The Court is the King’s bench: Limiting the US Supreme Court by re-aligning institutions …

“The province of the court is, solely, to decide on the rights of individuals, not to inquire how the executive, or executive officers, perform duties in which they have a discretion.  Questions, in their nature political, or which are, by the constitution and laws, submitted to the executive, can never be made in this court.” Marbury v Madison

I came across the above quote while further reflecting on the U.S. Supreme Court’s opinion in Dobbs v. Jackson Women’s Health Organization.  During this reflection, I reminded myself that court opinions are pieces of strategic communications first and foremost.  Court or case law reconciles philosophy, government narrative, politics, and policy in order to clarify what the law is.

During days of monarchy, it was clearer as to what the law was.  It was the king’s edict.  The court was the king’s bench.  From the bench, the king announced the law, clarifying it and applying it when settling controversies. His designees, scribes, and later “lawyers” would be tasked with spreading his rulings through the land wherever controversies arose.

I am not calling for a return to those simpler times, but I believe that using that simple framework from antiquity could be used for reforming the court.

When the opinion in Dobbs was issued, the arguments about reforming the court came to surface again.  The most poignant argument from the Left has been that the number of justices on the court needs to be expanded so that the diversity of current society and its values are better represented.  By extension, the Left appears to be saying that a court of say 15 justices, more racially and gender-identity diverse, would come to rulings more in line with the sentiments of society.

The data provides the Left some support in that regard.  As I determined in a previous post, approximately 60% of Americans believe that abortion should be legal, yet the majority in Dobbs noted in its analysis that historically, most states have treated abortion as a crime and given that the right to an abortion is not expressed in the Constitution, history, along with text and precedence, should be a factor when determining if the right exists at all.

But are courts representatives of the people?  Are they a representative body and should they be?  The majority in Dobbs seems to drive home the point that the court is not a representative body.  It is a creature of a republic but not a democratic body.  The court reiterated that the public should have these debates and have the debates decided legislatively via the state representatives they, the people, elected. 

I could see rebuttal from the Left where Marbury is cited as license for the high court to decide on the abortion rights of the individual woman.  The court, at least a court preferring a strict reading of the Constitution, will say, “Sure, we agree that we decide on individual rights, but only on those rights the people and their government explicitly say exists and abortion is not one of them.”
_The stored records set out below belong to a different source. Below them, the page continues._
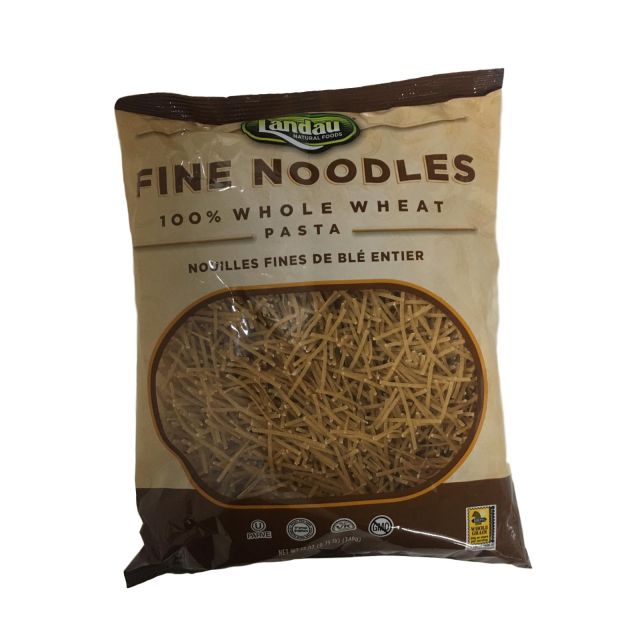 Landau Whole Wheat Fine Noodles 16 Oz-04-213-33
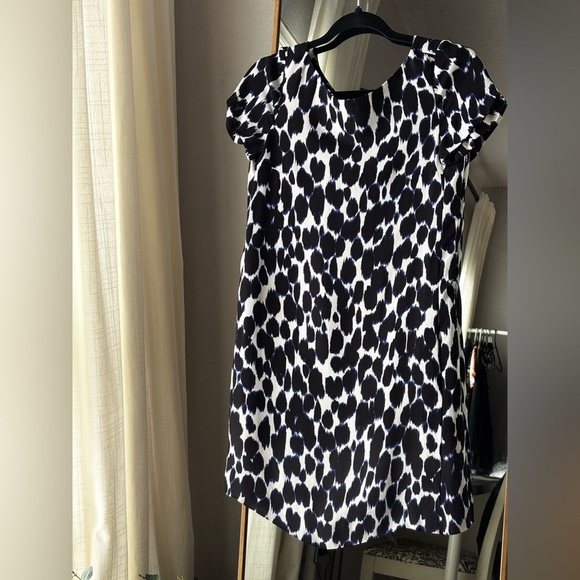 Kate Spade New York Leopard Swing Dress in Deep Indigo - Picture 3 of 6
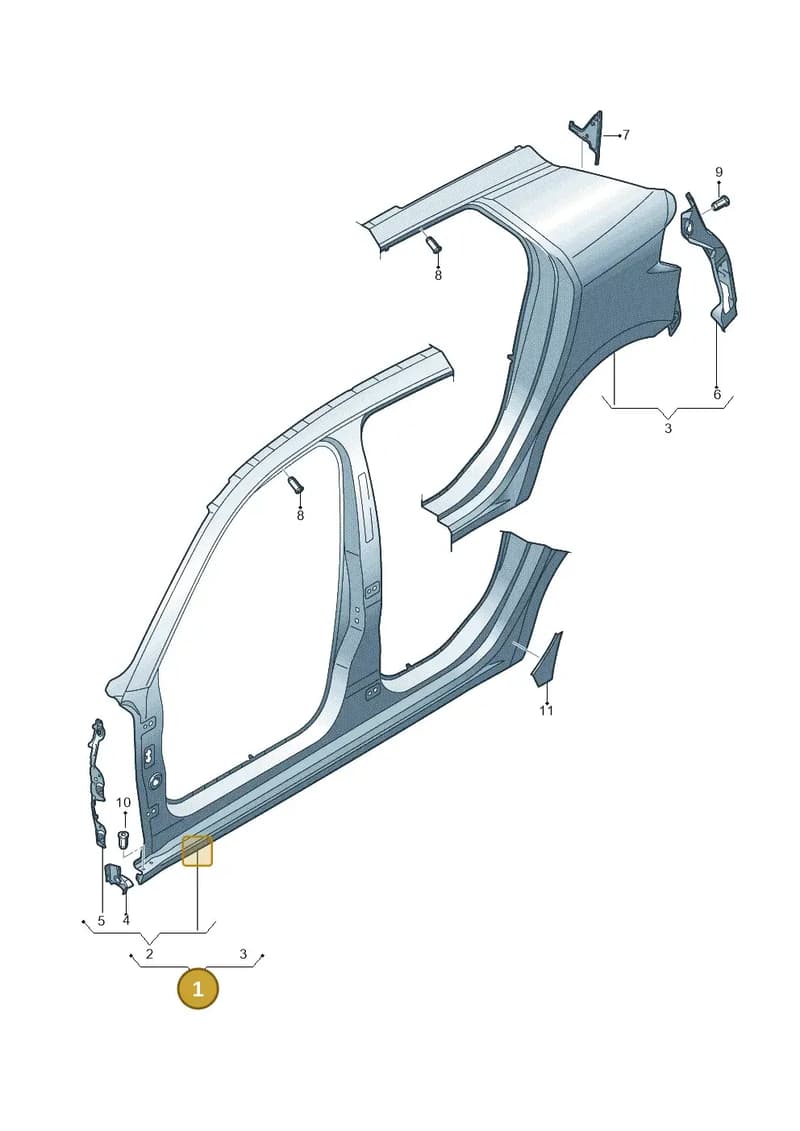 82G810076TA — Audi A1 Sportback (2018-2025) diagram 592809500, position 1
The court did a full-court libertarian press with this opinion, taking itself out of the decision as to what a woman can do with her body.  That is the irony; that pro-choice advocates would want the government involved in the decision at all. I don’t believe these advocates asked themselves if the benefit of having a uniform abortion law that saves them on the costs of forum shopping is worth the cost of their individual liberties and the slippery slope that raises these costs.

But back to the issue of reforming the court.  Reformation should start with ensuring that the court is politically aligned with the administration.  Each member should be nominated or re-nominated by the elected president.  The justices’ terms would be attached to the term in office of the President. It would be understood that decisions on individual rights, the interpretation of the Constitution, the clarification of the law would be done within the philosophy, narrative, politics, and polices of the Administration. This approach raises the importance of voting, especially since a president relies on a supportive Senate majority to get her nominees through confirmation.

Is Congressional legislative intent left out in the cold? No, because the policies of an administration are based on the president’s duty to execute the law, so any interpretation of the law by the court takes Congress’ intent into account.

A real government speaks with one voice.  A re-alignment ensures clarity and reduces uncertainty.

The electorate has been passing the buck for too long.  If Americans endorse the notion of government, it has to endorse an electoral process that aligns all spinners of political narrative into one box.  Society is too split, its government’s policies too disjointed for this reason.